Professor Bayly's book Recovering Liberties has also been widely debated in India, in the world's largest-selling English daily, The Times of India, and in several broadcasts on Door Darshan totalling an audience of 13 million listeners. Professor Bayly also discussed some of his conclusions at the popular Jaipur Literary festival in January 2011 that attracted more than 60,000 visitors including local school children and leading opinion makers from India and the world. He has been invited for consultations with leading political figures including the Speaker of the Indian Parliament, Mrs Meira Kumar. He addressed members of the Indian Administrative Service on the nature of India's democracy and ideas of liberalism in an Indian context arising out of his book during their training at the Judge Business School, October 2012. Dr Kapila has also discussed her ideas about violence, independence and democracy in India in the UK on Melvyn Bragg's `In Our Time' (Feb. 2010) and separately on Radio 4 with Michael Portillo (Nov. 2010) and on Radio 3 with Tristram Hunt (Mar. 2011) (5b, 5c, 5d). On 26 June 2013, Lord Parekh, sometime vice- chairman of the Commission for Racial Equality, hosted at the House of Lords a launch and discussion of the book edited by Kapila and Faisal Devji (Political Thought in Action. The Bhagavad Gita and Modern India), which was attended by leaders of the British Asian community and by MPs and academics. As an MP who attended both the New Delhi summit and the House of Lords launch attests, Kapila and Bayly's work on liberal and radical political thought has played an important role on two continents in shedding new light on the present workings of India's democracy (5h).
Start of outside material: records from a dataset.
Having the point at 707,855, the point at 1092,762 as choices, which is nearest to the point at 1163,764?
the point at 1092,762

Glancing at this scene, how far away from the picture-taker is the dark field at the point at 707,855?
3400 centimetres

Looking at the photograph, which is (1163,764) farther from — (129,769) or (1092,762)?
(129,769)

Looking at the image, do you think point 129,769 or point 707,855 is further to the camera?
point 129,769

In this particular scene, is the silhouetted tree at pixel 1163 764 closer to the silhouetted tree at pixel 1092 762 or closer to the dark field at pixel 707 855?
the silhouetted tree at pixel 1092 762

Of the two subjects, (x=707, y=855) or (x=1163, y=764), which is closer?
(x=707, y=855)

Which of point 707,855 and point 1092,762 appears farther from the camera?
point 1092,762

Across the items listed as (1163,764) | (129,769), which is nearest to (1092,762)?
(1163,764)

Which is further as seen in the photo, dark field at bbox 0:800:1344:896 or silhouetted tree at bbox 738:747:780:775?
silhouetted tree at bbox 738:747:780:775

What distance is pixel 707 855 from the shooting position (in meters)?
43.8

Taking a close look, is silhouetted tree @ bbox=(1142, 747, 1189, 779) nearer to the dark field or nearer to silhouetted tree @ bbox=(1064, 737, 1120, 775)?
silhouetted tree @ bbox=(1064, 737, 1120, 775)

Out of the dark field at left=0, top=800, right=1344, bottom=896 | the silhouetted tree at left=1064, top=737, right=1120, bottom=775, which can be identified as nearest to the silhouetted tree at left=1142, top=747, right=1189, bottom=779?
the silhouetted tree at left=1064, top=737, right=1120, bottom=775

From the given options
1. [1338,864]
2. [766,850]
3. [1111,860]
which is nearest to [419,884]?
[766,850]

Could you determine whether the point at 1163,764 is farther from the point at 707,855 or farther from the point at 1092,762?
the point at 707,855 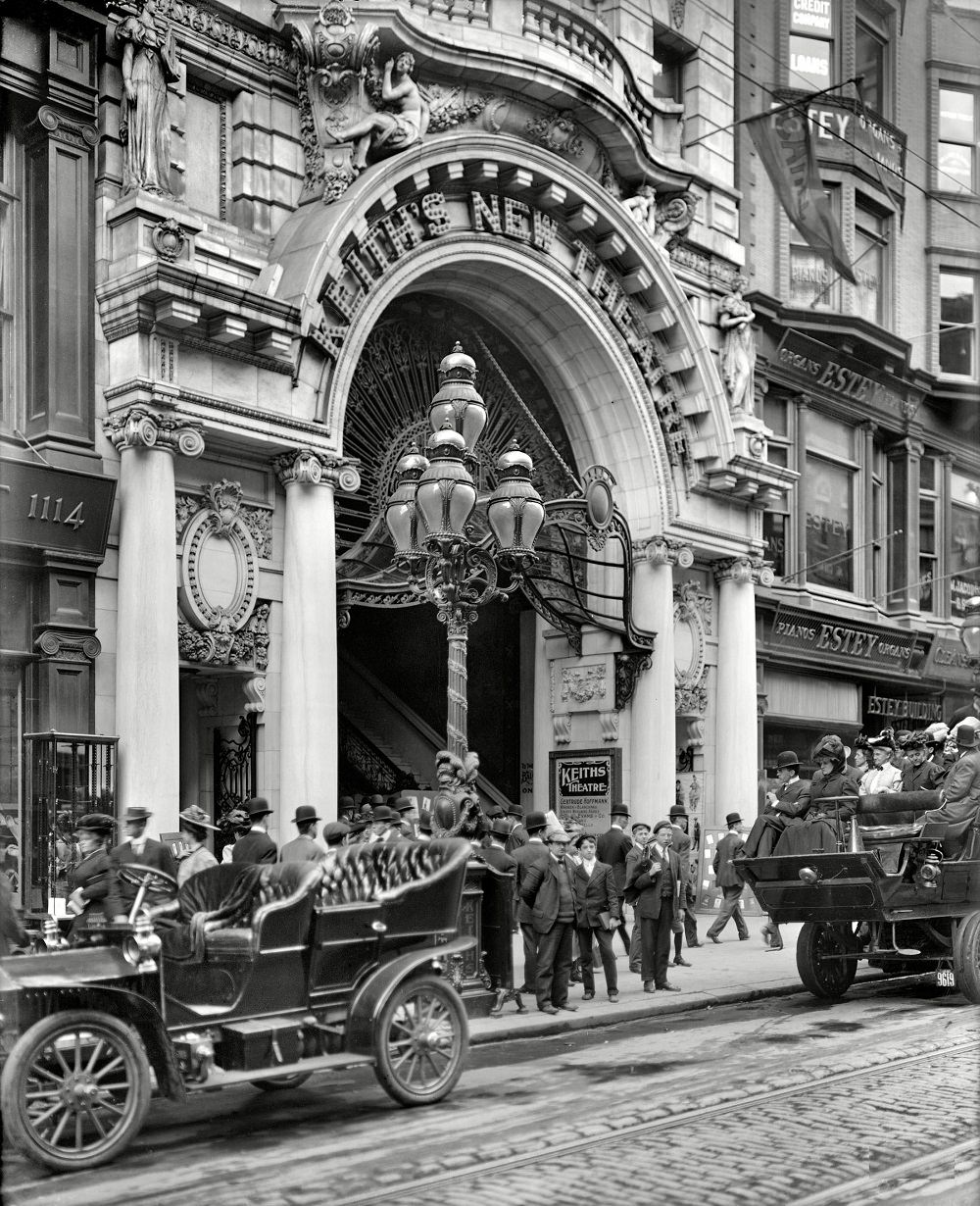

Sources to corroborate the impact

a. `A War With No End', a conversation between Kapila and Indian intellectuals from the Delhi Summit, reprinted in the leading Indian newsmagazine The Open September 2012:
http://www.openthemagazine.com/article/art-culture/a-war-with-no-end .

b. `Things we Forgot to Remember: Violence and Indian Independence with Michael Portillo':
http://www.bbc.co.uk/programmes/b00w78jt , Radio 4, November 2010.

c. `In Our Time' with Melvyn Bragg on Violence and the Indian Mutiny:
http://www.bbc.co.uk/programmes/b00qprnj , Radio 4, 18 February 2010.

d. Sunday Feature - Great British Ideas with Tristram Hunt: Hobson, Lenin and Anti-Imperialism: http://www.bbc.co.uk/iplayer/episode/b00z612d/, first broadcast BBC Radio 3, 10:15PM Sun, 6 Mar 2011

e. India in the Global Age website: http://www.cambridge-india.org/delhi2012/

f. India in the Global Age media coverage: http://www.youtube.com/watch?v=uAdalkUmGSM

g. Email from person 1, Deputy Director of Door Darshan.

h. Letter from person 2 (MP) to Dr Kapila, 15 Oct. 2013.